An dieser Stelle möchten wir darauf hinweisen, dass wir als Immobilienmakler keine anwaltliche oder steuerrechtliche Beratung vornehmen. Wir empfehlen Betroffenen, sich bei Unklarheiten fachlich durch einen Anwalt oder Steuerberater beraten zu lassen. Gern vermitteln wir Ihnen regionale Experten. Nehmen Sie dazu bitte Kontakt mit uns auf.
Der Erbfall
Wenn kein Testament oder Erbvertrag vorliegt, gilt die gesetzliche Erbfolge. Sie regelt, wie die Erbschaft an die Hinterbliebenen verteilt wird. Eine Sonderstellung haben Ehepartner bzw. eingetragene Lebenspartner. Sie erhalten trotz fehlendem Verwandtschaftsverhältnis stets einen Teil des Erbes abhängig vom Güterstand. Kinderlose Paare können übrigens nicht automatisch davon ausgehen, dass der Partner Alleinerbe ist. Im ersten Schritt nach dem Erbfall ist daher zu klären, ob ein Testament oder Erbvertrag existieren. Im Falle einer notariellen Beurkundung liegen das Testament oder der Erbvertrag dem Nachlassgericht vor. Das Gericht eröffnet typischerweise binnen 6 Wochen das Testament. Nach dessen Eröffnung kann es unter Umständen durch die Hinterbliebenen angefochten werden. Falls ein enger Angehöriger oder Partner durch den Erblasser enterbt wurde, kann der Betroffene bis zu 3 Jahre lang einen Anspruch auf einen hälftigen Pflichtteilsanspruch geltend machen. Eine Besonderheit ist das sogenannte Vermächtnis. Dadurch können Dritte vom Erblasser aus dem Erbe bedacht werden. Der Vermächtnisnehmer muss diesen Anspruch gegen die Erben geltend machen, wird dadurch aber nicht Mitglied der Erbengemeinschaft.
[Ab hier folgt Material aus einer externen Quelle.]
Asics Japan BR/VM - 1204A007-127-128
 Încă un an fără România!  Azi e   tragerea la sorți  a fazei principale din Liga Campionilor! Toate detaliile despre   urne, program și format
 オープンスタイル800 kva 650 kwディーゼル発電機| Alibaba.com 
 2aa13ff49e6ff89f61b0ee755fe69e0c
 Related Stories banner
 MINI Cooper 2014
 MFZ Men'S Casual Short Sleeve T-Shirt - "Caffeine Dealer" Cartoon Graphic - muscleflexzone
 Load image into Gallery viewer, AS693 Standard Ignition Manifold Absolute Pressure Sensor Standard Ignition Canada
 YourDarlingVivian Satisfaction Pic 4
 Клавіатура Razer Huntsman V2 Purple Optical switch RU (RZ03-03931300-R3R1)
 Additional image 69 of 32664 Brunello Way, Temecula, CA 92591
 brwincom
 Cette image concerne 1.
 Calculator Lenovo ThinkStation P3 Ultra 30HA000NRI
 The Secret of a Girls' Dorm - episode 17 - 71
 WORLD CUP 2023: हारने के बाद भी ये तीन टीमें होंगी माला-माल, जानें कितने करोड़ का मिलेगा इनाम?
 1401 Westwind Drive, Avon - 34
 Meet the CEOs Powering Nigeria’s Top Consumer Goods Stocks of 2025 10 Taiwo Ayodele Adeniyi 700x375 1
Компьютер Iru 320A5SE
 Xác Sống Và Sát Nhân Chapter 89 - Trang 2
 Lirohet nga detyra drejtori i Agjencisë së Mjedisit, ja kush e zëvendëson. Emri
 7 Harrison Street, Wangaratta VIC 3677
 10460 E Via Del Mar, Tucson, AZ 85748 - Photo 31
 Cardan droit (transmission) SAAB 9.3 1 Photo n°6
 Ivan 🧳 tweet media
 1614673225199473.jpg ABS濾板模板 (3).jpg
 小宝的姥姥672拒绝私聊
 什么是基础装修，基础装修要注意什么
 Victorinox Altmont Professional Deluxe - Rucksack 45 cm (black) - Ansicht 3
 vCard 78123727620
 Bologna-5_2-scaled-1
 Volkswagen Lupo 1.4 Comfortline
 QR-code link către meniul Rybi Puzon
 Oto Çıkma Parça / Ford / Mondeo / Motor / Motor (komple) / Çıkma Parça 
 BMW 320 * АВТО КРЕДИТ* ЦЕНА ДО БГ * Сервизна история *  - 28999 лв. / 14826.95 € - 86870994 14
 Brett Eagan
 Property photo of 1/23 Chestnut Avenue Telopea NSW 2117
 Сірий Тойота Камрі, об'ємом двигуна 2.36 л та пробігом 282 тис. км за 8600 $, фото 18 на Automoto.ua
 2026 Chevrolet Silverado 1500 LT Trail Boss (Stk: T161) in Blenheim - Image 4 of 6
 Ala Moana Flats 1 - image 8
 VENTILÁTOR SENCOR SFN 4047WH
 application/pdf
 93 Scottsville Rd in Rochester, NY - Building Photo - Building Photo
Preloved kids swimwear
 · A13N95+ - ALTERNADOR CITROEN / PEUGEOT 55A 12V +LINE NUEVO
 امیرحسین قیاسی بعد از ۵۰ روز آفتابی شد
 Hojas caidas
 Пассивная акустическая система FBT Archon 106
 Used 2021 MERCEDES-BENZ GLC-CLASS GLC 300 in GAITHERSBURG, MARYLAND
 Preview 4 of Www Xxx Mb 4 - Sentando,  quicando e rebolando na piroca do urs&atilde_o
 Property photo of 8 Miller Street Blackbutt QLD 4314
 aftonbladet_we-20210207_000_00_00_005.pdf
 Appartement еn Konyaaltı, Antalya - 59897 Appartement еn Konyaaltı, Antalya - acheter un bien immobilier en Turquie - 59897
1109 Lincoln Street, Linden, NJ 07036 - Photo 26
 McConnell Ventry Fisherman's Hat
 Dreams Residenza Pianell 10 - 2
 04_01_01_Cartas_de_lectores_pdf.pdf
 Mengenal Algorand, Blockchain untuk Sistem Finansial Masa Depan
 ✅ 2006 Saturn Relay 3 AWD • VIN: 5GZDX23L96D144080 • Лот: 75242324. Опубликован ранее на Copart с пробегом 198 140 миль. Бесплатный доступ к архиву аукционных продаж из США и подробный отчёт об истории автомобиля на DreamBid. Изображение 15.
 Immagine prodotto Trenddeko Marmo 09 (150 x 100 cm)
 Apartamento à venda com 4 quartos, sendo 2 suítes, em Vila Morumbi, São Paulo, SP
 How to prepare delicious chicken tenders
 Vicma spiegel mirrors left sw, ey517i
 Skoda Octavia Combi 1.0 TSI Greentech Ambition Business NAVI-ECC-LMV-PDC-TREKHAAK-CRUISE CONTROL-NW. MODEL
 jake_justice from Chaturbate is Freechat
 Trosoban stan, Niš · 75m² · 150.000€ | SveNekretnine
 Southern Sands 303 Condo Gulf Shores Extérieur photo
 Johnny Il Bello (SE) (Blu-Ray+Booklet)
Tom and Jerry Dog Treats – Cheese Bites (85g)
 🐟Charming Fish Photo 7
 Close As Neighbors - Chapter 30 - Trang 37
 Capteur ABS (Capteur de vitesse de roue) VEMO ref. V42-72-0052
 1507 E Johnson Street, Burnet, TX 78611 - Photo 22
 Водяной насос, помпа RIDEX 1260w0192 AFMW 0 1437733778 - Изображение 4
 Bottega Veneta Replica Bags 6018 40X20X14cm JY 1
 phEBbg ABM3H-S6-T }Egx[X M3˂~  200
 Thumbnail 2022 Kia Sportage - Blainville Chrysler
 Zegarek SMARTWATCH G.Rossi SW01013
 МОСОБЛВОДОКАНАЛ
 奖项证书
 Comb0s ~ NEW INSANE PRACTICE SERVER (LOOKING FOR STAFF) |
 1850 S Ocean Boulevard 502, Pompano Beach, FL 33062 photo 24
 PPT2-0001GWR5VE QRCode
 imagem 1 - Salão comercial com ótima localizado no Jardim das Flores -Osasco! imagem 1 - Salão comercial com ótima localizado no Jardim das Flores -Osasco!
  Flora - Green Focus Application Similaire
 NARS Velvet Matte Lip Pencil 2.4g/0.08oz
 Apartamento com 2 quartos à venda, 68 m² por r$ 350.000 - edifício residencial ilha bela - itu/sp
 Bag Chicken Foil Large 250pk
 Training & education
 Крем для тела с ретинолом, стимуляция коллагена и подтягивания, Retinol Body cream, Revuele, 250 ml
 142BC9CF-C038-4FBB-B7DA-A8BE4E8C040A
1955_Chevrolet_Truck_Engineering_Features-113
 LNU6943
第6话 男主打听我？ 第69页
Die Erbschaft ausschlagen?
Wenn der Erbfall eintritt, hat der Gesetzgeber leider wenig Geduld mit den Trauernden. Binnen gerademal 6 Wochen nach Kenntnisnahme müssen Erben entscheiden, ob sie das Erbe bzw. den Erbteil annehmen oder ausschlagen. Im Fall von Immobilien ist es gar nicht einfach, sich in dieser Frist einen vollständigen Überblick über die wirtschaftlichen Umstände zu verschaffen. Gibt es Dienstbarkeiten, Grundschulden, Darlehen oder andere Schulden? Wie viel ist die Immobilie wert und in welchem Zustand ist sie? Am Ende kann der tatsächlich geerbte Wert deutlich niedriger ausfallen, als es zunächst den Anschein hatte. Dazu kommen schnell erhebliche Kosten für Versicherungen, Grundsteuer sowie weitere Abgaben oder das Wohngeld im Falle einer WEG. Falls der Erblasser stark verschuldet oder gar überschuldet war, könnte es ratsam sein, das Erbe auszuschlagen. Eine Checkliste, wie Sie die wirtschaftlichen Verhältnisse einer Immobilie prüfen können, findet sich hier. Eine Option besteht auch darin, eine Nachlassverwaltung zu beantragen.
Das Erbe annehmen
Die Annahme der Erbschaft erfolgt typischerweise durch Verstreichen der genannten 6-Wochen-Frist. Oftmals wird durch den Erben oder ein Mitglied der Erbengemeinschaft ein Erbschein beim Nachlassgericht benantragt. Der Erbschein dient dazu, für Rechtssicherheit zu sorgen und die Erben als solche gegenüber Dritten zu legitimieren. Ein Muss ist er jedoch nicht, auch nicht im Falle von vererbten Immobilien. Denn die Kosten können schnell in den vierstelligen Bereich klettern. Für die Ausstellung des Erbscheins müssen Antragsteller mit einer Dauer von mehreren Wochen rechnen. Es sind zahlreiche Unterlagen vorzulegen, abhängig davon ob ein Testament vorliegt. Zuständig ist das Nachlassgericht am letzten gewöhnlichen Aufenthaltsort des Erblassers. Der Antrag sollte erst gestellt werden, wenn klar ist, dass das Erbe nicht ausschlagen wird. Mit Annahme des Erbes wird man endgültig Rechtsnachfolger des Erblassers. Das bedeutet, dass alle Rechte und Pflichten des Verstorbenen auf den Erben oder die Erben übergehen.
Erbschaftssteuer
Gemäß dem geltenden Erbschafts- und Schenkungssteuerrecht müssen Erben in Deutschland unter Umständen bis zu 50% an den Fiskus abführen. Im Details sollte die Steuerpflicht am besten durch einen Steuerberater bestimmt bzw. geprüft werden, denn eine Vielzahl von Faktoren ist dabei zu berückschtigen.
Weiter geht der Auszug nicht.